* _What the exercise asks_
Except for images, print the whole listing verbatim.

------ Supplied material ------

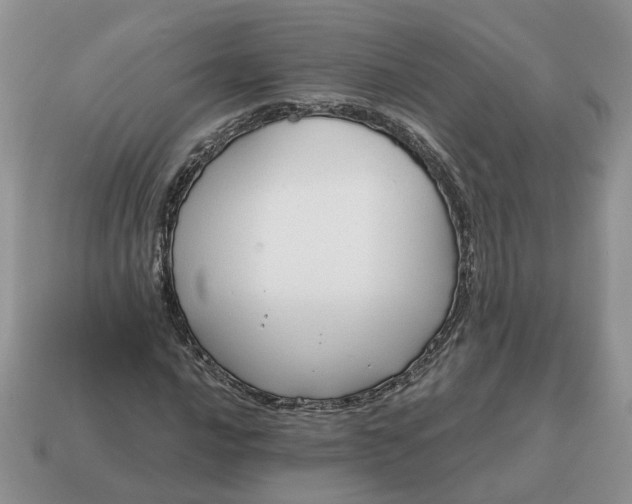 X0000114591016200911091252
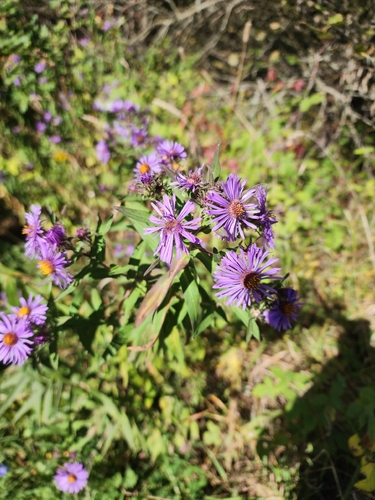 New England aster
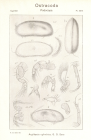 Argilloecia cylindrica from Sars (1923. An account of the Crustacea of Norway. Ostracoda. Parts III and IV)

------

* _Your solution_
 X0000114591016200911091252
 New England aster
 Argilloecia cylindrica from Sars (1923. An account of the Crustacea of Norway. Ostracoda. Parts III and IV)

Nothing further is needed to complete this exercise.